Non-Ownership Business Models for Solar Energy
59 Pages Posted: 24 May 2019 Last revised: 29 Oct 2020
Date Written: April 20, 2019
Problem Definition: Solar power companies have introduced innovative non-ownership business models—leasing and power purchase agreement (PPA)—in addition to sales. Under these models, the company installs solar panels for a customer, who purchases the electricity generated from the panels. Under leasing, a customer pays a fixed fee, whereas under PPA, a customer pays a per-unit price for the electricity generated. The adoption of solar panels is also promoted by investment and generation subsidies, which are received by customers under sales, but by the solar power company under non-ownership models. In addition, some states currently have restrictions on non-ownership model(s) to protect utility firms' profits. Motivated by this context, we analyze the economic and environmental implications of such subsidies and restrictions.
Practical and Academic Relevance: The share of non-ownership business models of the residential solar installations is approximately 40% and we contribute to the OM literature by being the first to endogenize a solar power company's business model decisions to inform policymakers regarding the ongoing discussion on subsidies and restrictions.
Methodology: We develop a sequential game between a profit-maximizing solar power company and utility-maximizing residential customers to characterize a solar power company's optimal business model decisions.
Results: We find that a higher investment subsidy makes it more attractive for the company to offer sales, whereas a higher generation subsidy makes it more attractive to offer non-ownership models. Contrary to conventional wisdom, we show that restricting the solar power company from offering leasing can actually lead to higher total adoption and generation of renewable energy.

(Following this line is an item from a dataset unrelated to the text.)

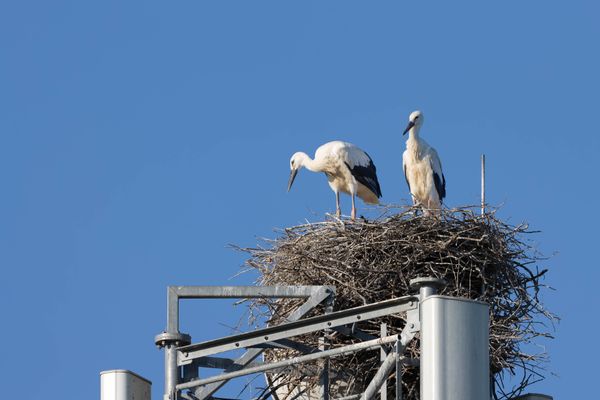 Les deux cigogneaux nés dans le nid de l'antenne relais de Villeneuve-de-la-Raho, pgotographiés le 25 juin 2023 par la Ligue de Protection des oiseaux des Pyrénées-Orientales.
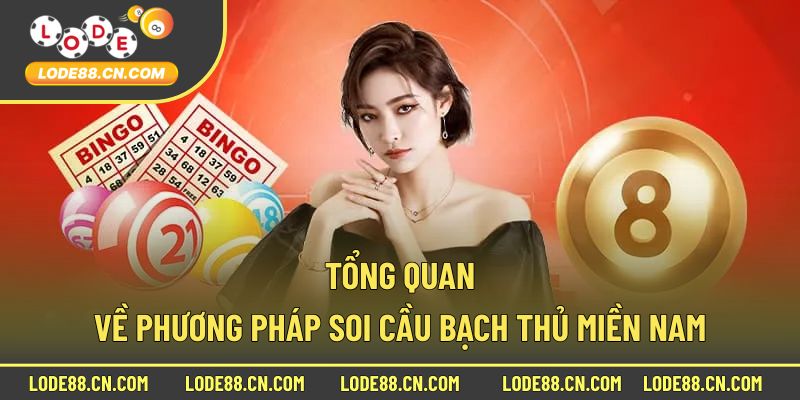 Tổng quan về phương pháp soi cầu bạch thủ miền nam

Policy Implications: We show that although a higher generation subsidy leads to higher total adoption and generation of renewable energy, interestingly, a higher investment subsidy can backfire by leading to lower total adoption and generation. Consequently, a higher investment subsidy can actually lead to a higher profit for the utility firm. Finally, we find that restricting leasing can be detrimental for the utility firm and beneficial for the environment.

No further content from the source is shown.